# Supplied material
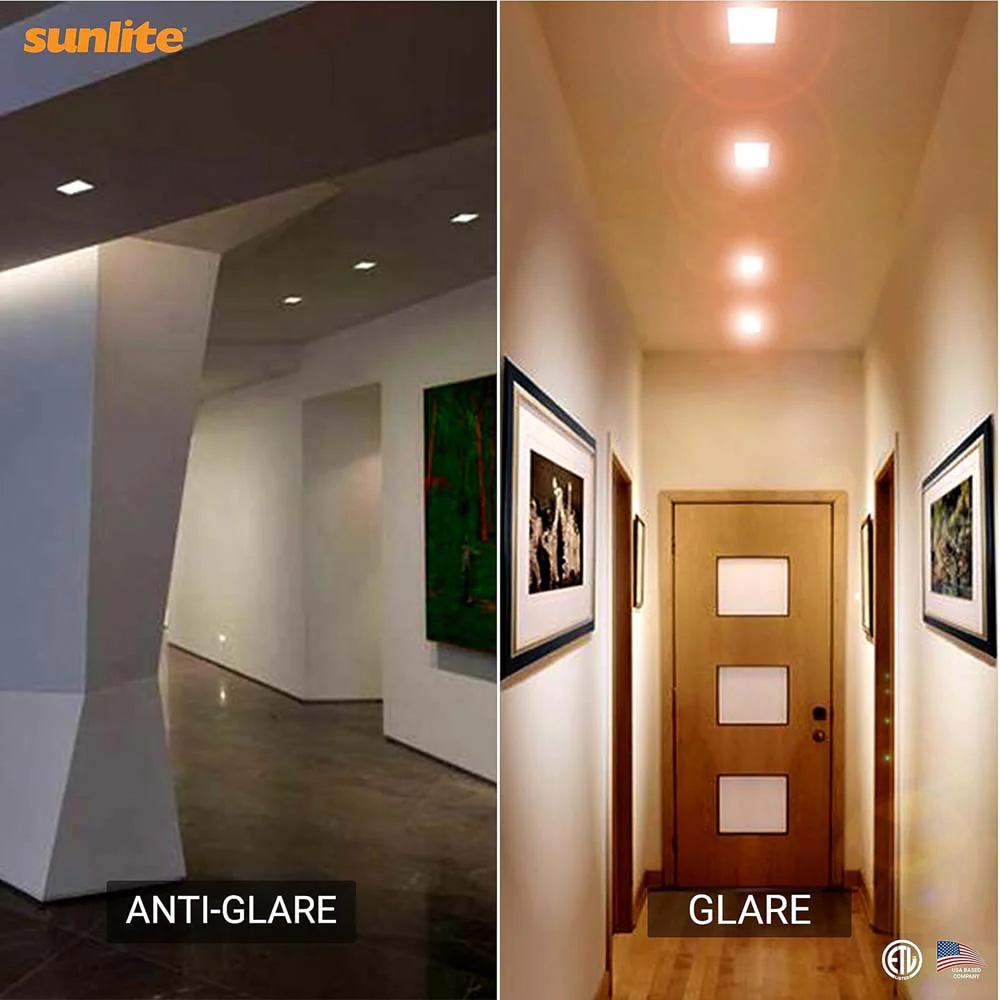 Sunlite 4-In 12w LED Square Regressed Downlight Fixture CCT Selectable Dimmable - Image 8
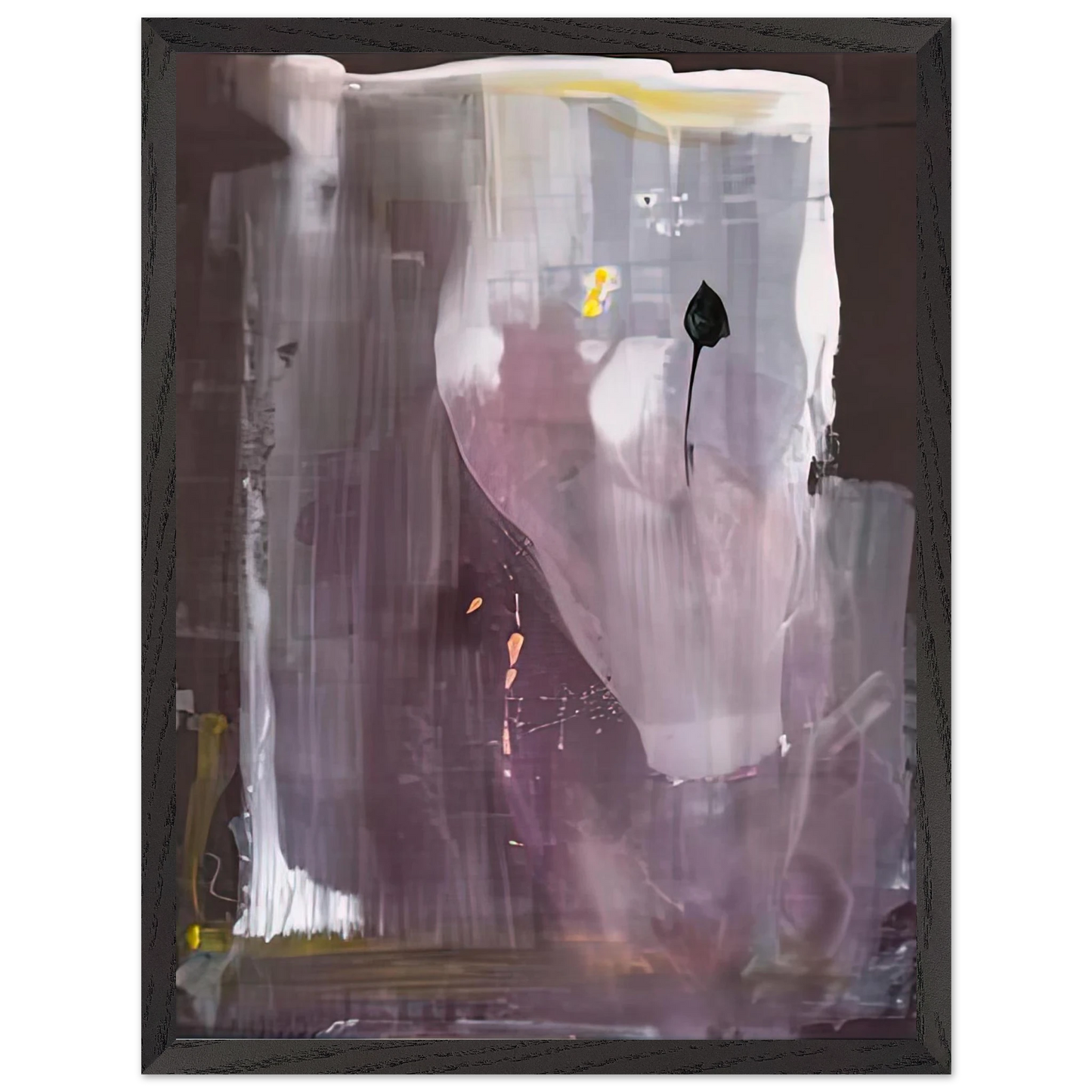 Helen Frankenthaler - Portrait of Margaretha Trip, 1980- Wall Art - 21x29.7 cm / 8x12" - Premium Wooden Framed Poster With Fine Art Paper-canvas - White frame
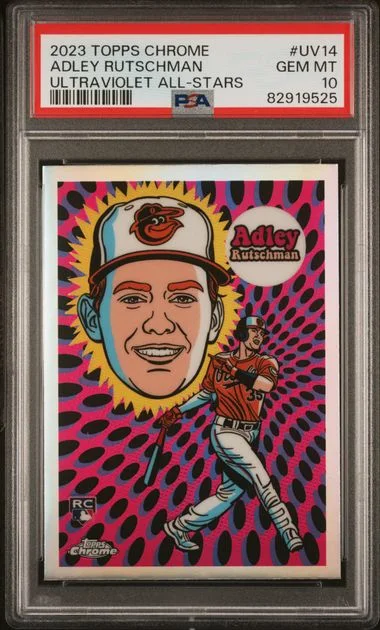 2023 Topps Chrome Adley Rutschman Ultraviolet All-Stars #UV14 card image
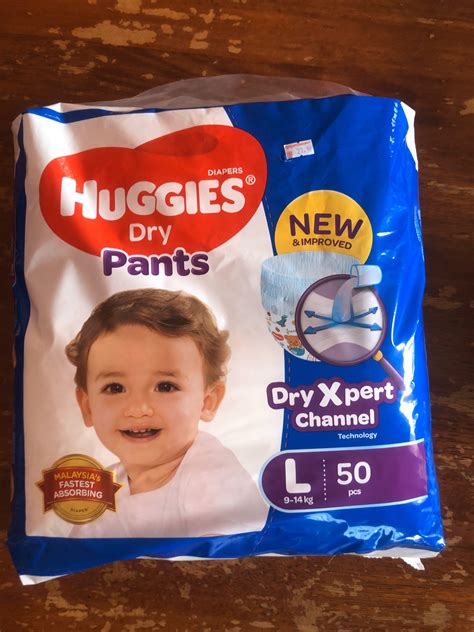 Huggies Dry Pants L Babies And Kids Bathing And Changing Diapers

# What to do
In the listing above, find the line with "Helen Frankenthaler - Portrait" and output every line through the one with "2023 Topps Chrome", exactly, without the pictures.

# Result
 Helen Frankenthaler - Portrait of Margaretha Trip, 1980- Wall Art - 21x29.7 cm / 8x12" - Premium Wooden Framed Poster With Fine Art Paper-canvas - White frame
 2023 Topps Chrome Adley Rutschman Ultraviolet All-Stars #UV14 card image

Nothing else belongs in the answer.